GROUND PENETRATING RADAR

Ground Penetrating Radar (GPR) is an essential tool in ATP’s safety armoury.

Whilst routes and traverses are carefully pre-planned, using satellite imagery and past in-field experience, GPR is often crucial to ensuring safety in areas where there is any uncertainty about the underground terrain.

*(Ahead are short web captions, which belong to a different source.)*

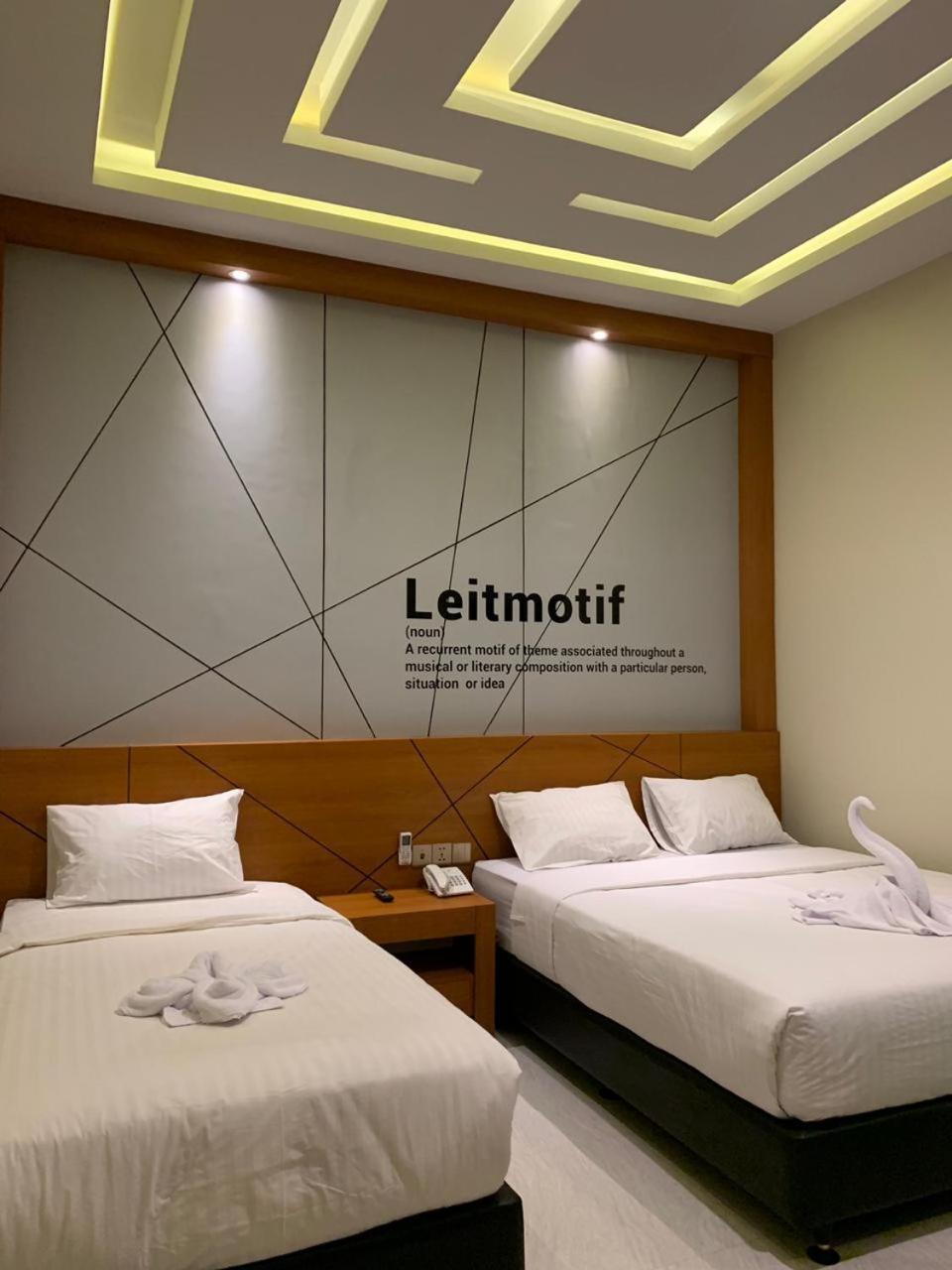 Bless Hotels Sintang Экстерьер фото
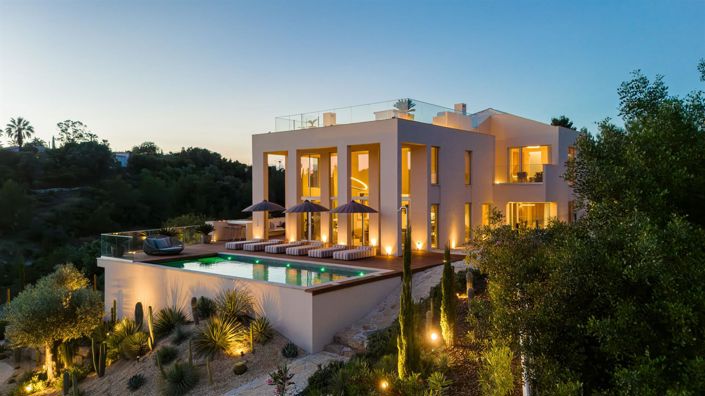 Image No.41-4 Bed House for sale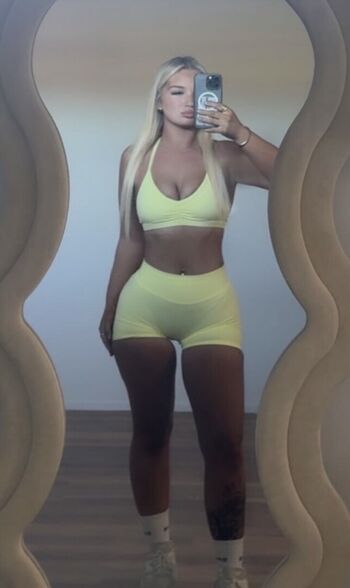 Full leaked Lilyroseeeeeee private onlyfans photo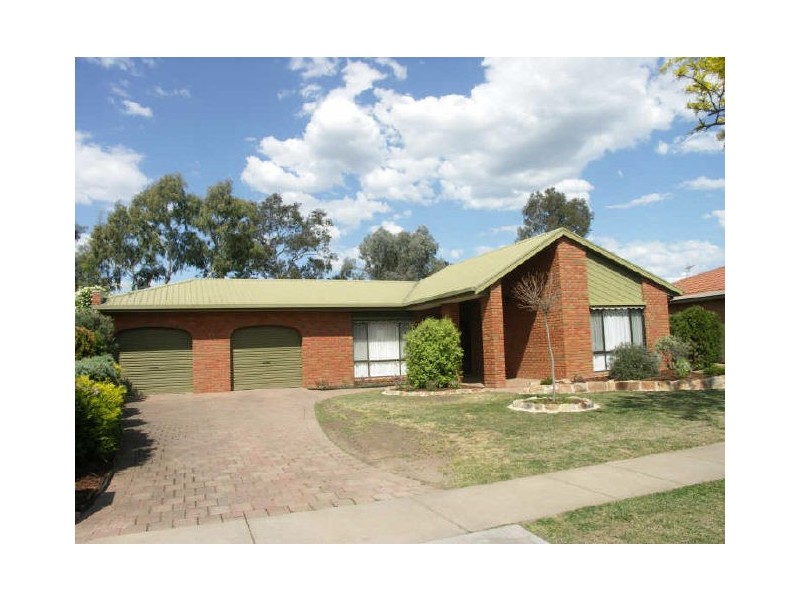 11 Statesman Drive, Benalla VIC 3672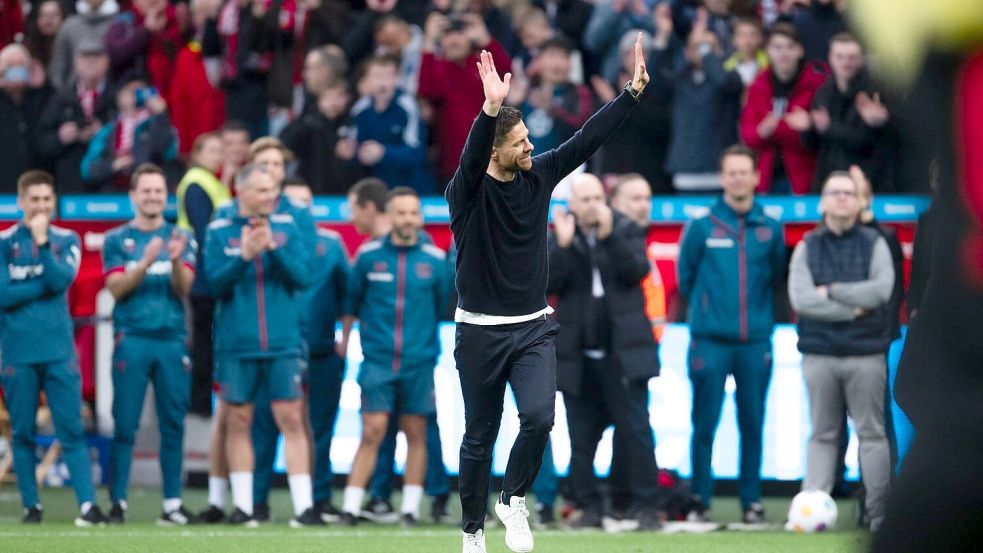 Bayer 04 Leverkusen geht mit 13 Punkten Vorsprung in die letzten sieben Bundesliga-Spieltage. Foto: Marius Becker/dpa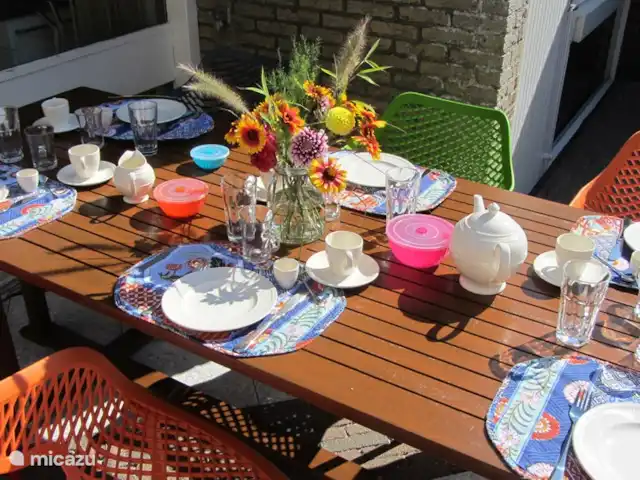 Location de Vacances Pays-Bas, Hollande du Nord, Caps, bungalow - Bungalow Petten aan Zee petit déjeuner à l'extérieur
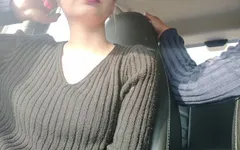 कार में दोस्त के लिए कुत्ते शैली में हाथों से चुदाई जोखिम भरा सेक्स, Hornycouple149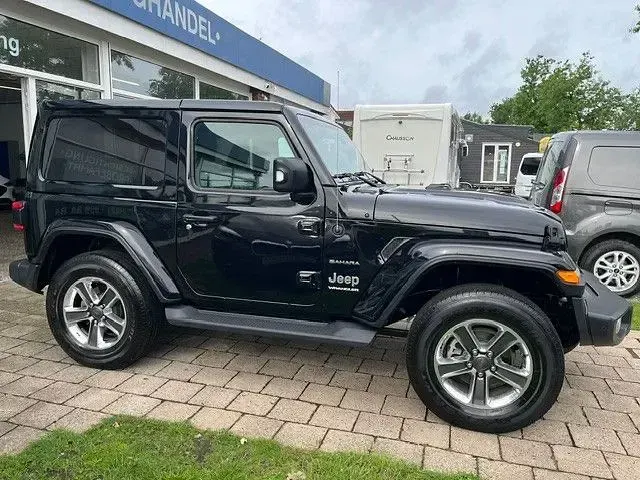 Gebraucht Jeep Wrangler Unlimited Sahara 200 PS (147 kW) 2019 Schwarz SUV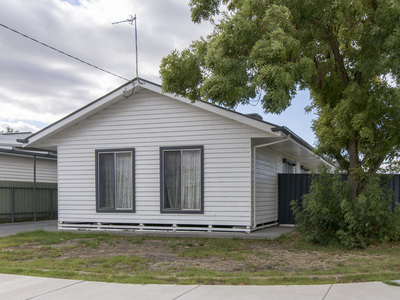 20B Iris Street, Horsham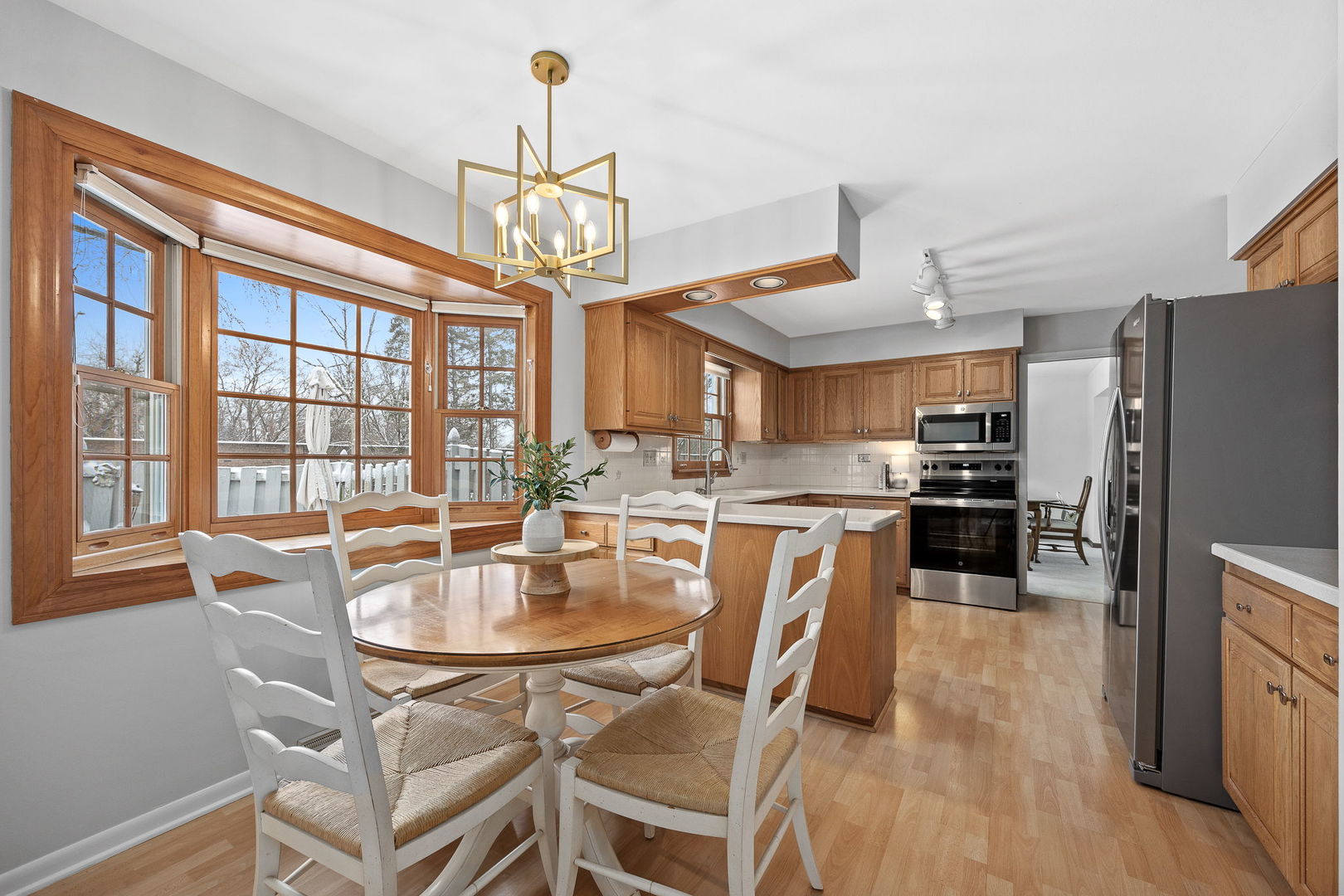 1532 Swallow Street, Naperville, IL 60565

Especially applying to crevassed (or potentially crevassed) areas, GPR allows a vital extra layer of in-field vehicle capability.

Mounted on horizontally rigid, vertically floating, alloy poles ~4 metres in front of the lead vehicle, the GPR unit is cushioned within a 1m x 500cm “doughnut” and shows a conical sub-surface radar picture on a cab-mounted screen via a wired connection running within the unit’s mounting poles.

GPR thus gives the crew a real-time view of the terrain immediately ahead of the lead vehicle, showing snow bridges and avoiding crevasses or other potentially threatening geographic obstacles which may lie hidden beneath a thin top cover of snow or ice.

The GPR unit can be mounted/demounted very quickly and, as speed must be reduced to allow a safe analysis/reaction distance, is only normally used in areas where there is (or the geography suggests there may be) terrain uncertainty. However GPR may also be used for:

  • Confirmation of the safe status of normally-used routes, especially at the beginning of a new season.
  • General local mapping
  • Mission-specific equipment positioning.